I have it that $x^7 = x$ for all $a$ in a field $\mathbb{F}$. I want to prove that the characteristic of $\mathbb{F}$ must be 7.

Since $x^7=x$ implies $x^7 \equiv x (\mod p )$ I was trying to use Fermat's little theorem but I think it's only superficially similar. For it to work logically you would need to prove some kind of converse to Fermat's little theorem which I don't think would work out.

I did find a theorem online:

Let $G$ be a finite abelian multiplicative group. For all $a \in G$ the order of $a$ divides the order of $G$. In particular $a^{|G|} = 1$.

As a corollary they get:

The order of any element of a finite field with $q$ elements divides $(q-1)$.

Any element $x$ in a finite field of order $q$ satisfies $x^q = x$.

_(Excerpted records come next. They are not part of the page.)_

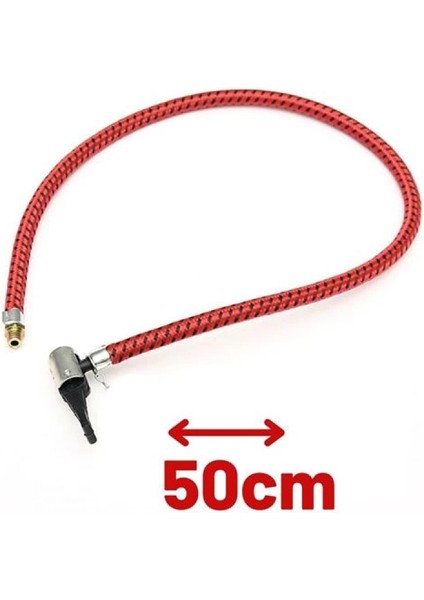 Tüm El ve Ayak Pompaları Yedek Hortum fiyatları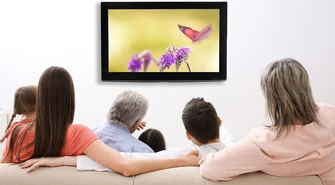 Jak aktywować dostęp do HBO GO i dlaczego warto to zrobić?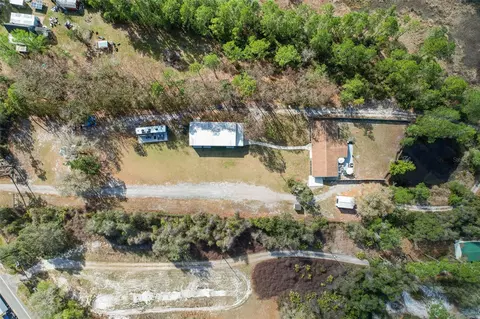 View/Area - 27035 State Road 44, Eustis, FL 32736 photo 18 of 21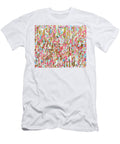 Backseat Headgames Bobby Zeik T-Shirt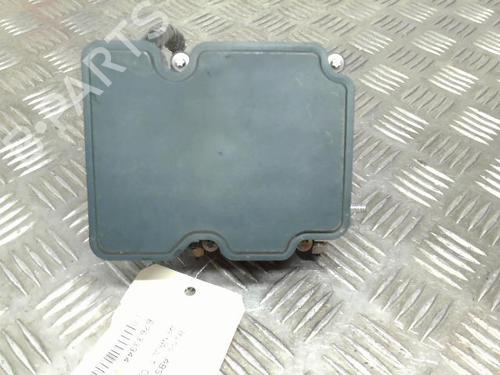 ABS pump RENAULT CLIO IV (BH_) 1.5 dCi 75 | BP25277681M43 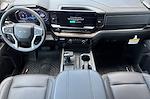 2025 Chevrolet Silverado 1500 Crew Cab 4WD Pickup for sale #250708 - photo 12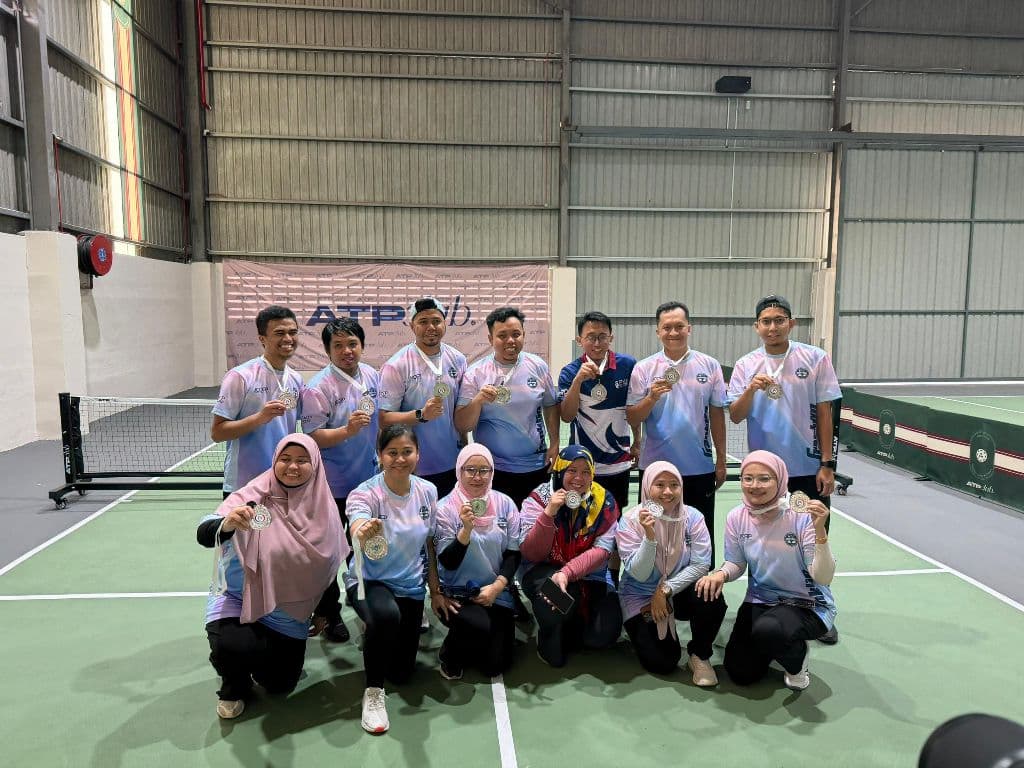 PKP JCorp Pickleball media 3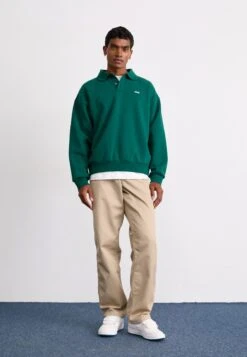 Vans SPEED UNISEX - Skate Shoes - White/green 17 Vans SPEED UNISEX - Skate Shoes - White/green -Vans Shop UK 26046a765e6b4f56b948671cb324b13c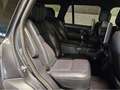 Land Rover Range Rover 4.4 SDV8 VOGUE AUTOBIOGRAPHY FULL OPTIONS Gris - thumbnail 7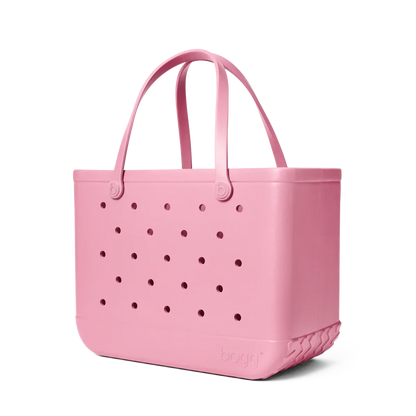 Original Bogg Bag - Blowing Pink Bubbles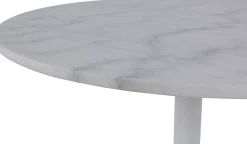 Emob Esstisch Tarro ø110cm -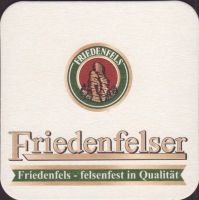 Bierdeckelfriedenfels-10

So I'm pretty sure I understand the theorem. We know that the set $\{a^i\}_{i=1}^q$ is a cyclic subgroup of the multiplicative group and we can apply Lagrange's theorem to deduce that $|\langle a \rangle | = q |$ divides $|G|$.

I don't understand the first corollary and that's probably why I don't understand the second corollary. So I can't solve my problem. Can someone explain to me why $q$ divides $(q-1)$?